▶ SOURCE DATA:

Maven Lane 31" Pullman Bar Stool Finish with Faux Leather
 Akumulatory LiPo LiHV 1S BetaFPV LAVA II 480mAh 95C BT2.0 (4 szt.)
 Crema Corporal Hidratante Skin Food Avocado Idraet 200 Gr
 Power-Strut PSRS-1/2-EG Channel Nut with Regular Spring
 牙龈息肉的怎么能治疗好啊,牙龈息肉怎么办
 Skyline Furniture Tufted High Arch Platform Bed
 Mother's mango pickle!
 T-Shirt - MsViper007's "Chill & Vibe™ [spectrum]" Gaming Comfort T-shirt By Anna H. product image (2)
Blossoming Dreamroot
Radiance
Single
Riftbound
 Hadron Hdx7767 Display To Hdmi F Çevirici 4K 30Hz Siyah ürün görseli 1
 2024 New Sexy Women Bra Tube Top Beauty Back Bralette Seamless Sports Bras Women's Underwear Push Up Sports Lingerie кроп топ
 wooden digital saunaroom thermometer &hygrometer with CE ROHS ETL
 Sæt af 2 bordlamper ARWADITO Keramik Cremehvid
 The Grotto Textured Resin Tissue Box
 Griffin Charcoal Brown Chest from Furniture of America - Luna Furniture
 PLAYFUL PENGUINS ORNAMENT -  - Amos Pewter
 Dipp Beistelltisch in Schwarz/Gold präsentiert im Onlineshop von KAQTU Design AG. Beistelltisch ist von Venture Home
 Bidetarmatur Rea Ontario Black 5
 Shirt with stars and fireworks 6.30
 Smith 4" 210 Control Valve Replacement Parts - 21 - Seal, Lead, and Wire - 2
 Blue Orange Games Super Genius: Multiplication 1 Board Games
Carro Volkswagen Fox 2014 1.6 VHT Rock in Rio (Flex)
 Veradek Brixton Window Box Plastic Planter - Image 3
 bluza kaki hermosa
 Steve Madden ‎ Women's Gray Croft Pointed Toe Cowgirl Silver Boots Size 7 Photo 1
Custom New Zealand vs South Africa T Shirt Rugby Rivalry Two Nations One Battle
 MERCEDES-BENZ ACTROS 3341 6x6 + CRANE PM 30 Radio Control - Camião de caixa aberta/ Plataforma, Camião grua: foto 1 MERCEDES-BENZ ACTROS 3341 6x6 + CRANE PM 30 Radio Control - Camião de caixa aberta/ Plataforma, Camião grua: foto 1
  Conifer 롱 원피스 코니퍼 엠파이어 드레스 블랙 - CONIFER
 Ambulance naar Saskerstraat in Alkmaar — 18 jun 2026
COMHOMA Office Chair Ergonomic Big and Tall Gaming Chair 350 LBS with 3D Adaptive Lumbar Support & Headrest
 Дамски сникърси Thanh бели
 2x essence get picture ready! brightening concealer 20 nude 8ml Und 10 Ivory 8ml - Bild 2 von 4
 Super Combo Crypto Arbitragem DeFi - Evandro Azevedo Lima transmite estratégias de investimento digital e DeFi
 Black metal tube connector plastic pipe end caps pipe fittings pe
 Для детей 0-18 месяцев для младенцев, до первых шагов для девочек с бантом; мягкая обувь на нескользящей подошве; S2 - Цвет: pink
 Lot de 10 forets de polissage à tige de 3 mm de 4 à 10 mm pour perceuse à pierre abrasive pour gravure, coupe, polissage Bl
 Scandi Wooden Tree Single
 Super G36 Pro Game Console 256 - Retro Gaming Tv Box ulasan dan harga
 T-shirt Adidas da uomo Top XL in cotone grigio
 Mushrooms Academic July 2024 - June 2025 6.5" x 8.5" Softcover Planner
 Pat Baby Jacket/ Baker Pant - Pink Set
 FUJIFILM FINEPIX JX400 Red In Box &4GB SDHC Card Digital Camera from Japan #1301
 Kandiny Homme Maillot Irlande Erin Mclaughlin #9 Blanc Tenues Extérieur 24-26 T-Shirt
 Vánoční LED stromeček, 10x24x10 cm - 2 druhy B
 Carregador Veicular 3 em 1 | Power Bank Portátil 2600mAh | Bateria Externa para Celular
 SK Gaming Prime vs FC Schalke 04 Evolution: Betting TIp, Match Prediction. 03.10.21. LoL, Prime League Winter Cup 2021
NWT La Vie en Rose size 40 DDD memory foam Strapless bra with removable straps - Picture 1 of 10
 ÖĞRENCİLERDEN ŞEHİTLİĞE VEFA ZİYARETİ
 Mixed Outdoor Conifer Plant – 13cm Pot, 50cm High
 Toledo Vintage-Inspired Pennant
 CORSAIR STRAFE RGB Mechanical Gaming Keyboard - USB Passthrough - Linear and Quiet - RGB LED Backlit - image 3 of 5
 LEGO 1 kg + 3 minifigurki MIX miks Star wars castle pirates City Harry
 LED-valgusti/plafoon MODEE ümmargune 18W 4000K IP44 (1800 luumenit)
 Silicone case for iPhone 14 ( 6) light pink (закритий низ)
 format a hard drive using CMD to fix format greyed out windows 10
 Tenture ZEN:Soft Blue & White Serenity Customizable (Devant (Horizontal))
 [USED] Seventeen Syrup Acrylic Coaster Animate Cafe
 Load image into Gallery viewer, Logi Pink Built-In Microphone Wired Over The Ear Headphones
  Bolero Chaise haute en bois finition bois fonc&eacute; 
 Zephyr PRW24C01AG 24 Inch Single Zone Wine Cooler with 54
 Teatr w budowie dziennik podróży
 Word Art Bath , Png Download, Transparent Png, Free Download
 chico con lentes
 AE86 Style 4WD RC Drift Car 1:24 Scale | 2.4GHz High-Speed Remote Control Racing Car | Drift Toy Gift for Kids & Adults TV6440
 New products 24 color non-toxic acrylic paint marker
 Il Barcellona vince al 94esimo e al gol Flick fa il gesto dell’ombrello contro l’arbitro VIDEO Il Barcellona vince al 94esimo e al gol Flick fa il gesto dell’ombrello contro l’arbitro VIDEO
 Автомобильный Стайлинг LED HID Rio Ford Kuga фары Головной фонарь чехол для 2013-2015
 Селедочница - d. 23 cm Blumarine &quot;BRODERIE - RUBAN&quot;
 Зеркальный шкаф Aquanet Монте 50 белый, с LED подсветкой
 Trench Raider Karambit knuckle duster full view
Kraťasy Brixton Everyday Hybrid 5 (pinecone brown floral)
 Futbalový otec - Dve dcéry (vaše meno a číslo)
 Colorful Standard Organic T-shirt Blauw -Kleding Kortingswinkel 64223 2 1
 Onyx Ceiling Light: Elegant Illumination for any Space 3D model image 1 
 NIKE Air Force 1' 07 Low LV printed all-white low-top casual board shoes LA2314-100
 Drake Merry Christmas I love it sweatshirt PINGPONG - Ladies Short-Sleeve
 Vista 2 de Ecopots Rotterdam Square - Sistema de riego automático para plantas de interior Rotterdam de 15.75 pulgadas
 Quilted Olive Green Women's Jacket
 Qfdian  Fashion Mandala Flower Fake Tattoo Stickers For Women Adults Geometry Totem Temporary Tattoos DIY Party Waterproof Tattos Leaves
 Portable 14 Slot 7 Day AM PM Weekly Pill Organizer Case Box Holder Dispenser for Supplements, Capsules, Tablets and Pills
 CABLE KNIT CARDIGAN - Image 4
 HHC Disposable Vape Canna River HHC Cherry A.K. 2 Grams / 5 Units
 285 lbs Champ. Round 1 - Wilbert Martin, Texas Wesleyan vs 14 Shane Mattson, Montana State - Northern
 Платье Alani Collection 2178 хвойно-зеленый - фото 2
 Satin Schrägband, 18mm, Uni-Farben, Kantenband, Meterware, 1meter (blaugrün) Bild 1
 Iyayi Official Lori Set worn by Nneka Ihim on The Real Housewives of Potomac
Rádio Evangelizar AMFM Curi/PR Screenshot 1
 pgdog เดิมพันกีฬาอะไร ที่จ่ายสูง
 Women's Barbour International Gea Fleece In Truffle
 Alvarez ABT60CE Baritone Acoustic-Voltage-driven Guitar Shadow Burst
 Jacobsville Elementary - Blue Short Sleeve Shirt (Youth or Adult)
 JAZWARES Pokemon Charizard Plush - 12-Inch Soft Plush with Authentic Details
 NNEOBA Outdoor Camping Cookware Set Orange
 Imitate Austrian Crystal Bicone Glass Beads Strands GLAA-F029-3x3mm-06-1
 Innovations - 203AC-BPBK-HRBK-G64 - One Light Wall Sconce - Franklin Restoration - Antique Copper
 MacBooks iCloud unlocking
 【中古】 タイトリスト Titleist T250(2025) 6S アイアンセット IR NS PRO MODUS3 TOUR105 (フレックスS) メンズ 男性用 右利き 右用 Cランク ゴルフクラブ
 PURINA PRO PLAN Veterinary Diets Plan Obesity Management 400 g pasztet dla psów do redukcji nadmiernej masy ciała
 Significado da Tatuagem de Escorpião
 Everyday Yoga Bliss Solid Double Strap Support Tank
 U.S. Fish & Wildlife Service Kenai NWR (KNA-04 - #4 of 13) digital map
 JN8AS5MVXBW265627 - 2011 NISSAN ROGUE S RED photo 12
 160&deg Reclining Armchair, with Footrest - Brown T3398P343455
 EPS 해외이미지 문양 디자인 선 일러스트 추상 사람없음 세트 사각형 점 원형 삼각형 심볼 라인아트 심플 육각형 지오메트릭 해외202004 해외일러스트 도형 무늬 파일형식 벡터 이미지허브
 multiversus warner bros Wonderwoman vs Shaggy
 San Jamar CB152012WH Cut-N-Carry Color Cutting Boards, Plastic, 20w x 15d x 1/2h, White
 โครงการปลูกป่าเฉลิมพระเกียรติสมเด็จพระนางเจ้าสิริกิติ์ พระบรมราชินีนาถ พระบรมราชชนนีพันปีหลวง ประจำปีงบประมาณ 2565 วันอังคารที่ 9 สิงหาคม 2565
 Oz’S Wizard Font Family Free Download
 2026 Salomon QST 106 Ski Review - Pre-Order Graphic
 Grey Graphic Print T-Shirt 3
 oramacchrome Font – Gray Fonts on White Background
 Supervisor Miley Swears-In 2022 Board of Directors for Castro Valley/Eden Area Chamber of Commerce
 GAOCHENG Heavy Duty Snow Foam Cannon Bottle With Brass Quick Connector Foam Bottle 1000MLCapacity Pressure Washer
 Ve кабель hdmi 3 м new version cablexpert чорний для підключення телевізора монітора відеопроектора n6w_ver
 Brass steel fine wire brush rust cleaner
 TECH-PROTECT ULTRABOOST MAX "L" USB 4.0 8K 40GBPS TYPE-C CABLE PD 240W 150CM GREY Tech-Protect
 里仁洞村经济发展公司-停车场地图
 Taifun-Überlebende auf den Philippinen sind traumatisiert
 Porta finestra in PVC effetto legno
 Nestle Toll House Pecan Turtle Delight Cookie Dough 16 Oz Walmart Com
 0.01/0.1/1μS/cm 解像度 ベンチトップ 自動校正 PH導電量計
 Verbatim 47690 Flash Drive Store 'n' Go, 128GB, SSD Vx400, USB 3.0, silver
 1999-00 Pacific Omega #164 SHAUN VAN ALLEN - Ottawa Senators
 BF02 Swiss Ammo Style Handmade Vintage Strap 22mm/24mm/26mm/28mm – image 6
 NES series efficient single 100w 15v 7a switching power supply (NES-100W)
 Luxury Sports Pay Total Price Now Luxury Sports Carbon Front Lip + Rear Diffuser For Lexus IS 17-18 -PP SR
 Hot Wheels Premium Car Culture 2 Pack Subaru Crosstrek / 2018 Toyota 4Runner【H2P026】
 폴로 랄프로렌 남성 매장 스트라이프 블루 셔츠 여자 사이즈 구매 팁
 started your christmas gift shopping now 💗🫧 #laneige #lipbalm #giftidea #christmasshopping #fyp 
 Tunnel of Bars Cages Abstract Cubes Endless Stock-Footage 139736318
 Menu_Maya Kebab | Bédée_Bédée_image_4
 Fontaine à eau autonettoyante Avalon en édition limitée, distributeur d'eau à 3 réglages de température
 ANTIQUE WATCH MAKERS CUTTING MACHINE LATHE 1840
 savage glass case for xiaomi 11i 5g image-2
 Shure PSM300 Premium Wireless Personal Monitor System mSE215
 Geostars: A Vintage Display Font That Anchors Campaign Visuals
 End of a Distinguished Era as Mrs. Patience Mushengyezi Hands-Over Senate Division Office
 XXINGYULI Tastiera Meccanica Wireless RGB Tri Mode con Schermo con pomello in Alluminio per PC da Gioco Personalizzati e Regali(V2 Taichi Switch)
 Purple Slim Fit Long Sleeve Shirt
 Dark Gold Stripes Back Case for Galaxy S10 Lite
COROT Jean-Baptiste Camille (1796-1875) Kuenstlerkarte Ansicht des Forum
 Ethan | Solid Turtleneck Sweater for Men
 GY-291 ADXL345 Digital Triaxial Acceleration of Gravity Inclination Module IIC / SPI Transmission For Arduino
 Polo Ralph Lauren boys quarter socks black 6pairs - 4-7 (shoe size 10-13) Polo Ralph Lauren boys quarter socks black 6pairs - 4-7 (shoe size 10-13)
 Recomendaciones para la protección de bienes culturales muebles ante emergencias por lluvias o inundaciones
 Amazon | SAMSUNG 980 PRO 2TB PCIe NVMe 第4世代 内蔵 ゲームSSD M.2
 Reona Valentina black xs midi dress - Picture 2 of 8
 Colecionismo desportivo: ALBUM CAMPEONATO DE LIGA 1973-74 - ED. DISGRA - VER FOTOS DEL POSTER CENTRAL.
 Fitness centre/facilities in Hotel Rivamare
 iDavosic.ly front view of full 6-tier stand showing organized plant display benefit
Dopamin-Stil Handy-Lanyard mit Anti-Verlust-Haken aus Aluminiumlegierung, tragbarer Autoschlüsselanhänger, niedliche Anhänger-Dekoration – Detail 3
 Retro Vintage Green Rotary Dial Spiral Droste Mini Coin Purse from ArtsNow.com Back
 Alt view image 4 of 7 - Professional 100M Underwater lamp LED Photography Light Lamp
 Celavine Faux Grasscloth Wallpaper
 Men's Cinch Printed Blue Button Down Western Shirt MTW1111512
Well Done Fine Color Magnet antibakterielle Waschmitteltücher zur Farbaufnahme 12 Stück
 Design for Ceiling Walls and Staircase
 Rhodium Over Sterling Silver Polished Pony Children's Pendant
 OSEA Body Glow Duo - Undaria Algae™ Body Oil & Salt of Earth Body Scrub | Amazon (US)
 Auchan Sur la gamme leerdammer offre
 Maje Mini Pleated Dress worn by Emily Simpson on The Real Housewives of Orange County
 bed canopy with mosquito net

▶ WHAT TO WORK ON: What is the number of lines in the preceding entries that hold the string "Brixton"? Give it alone.

▶ EXERCISE OUTPUT: 2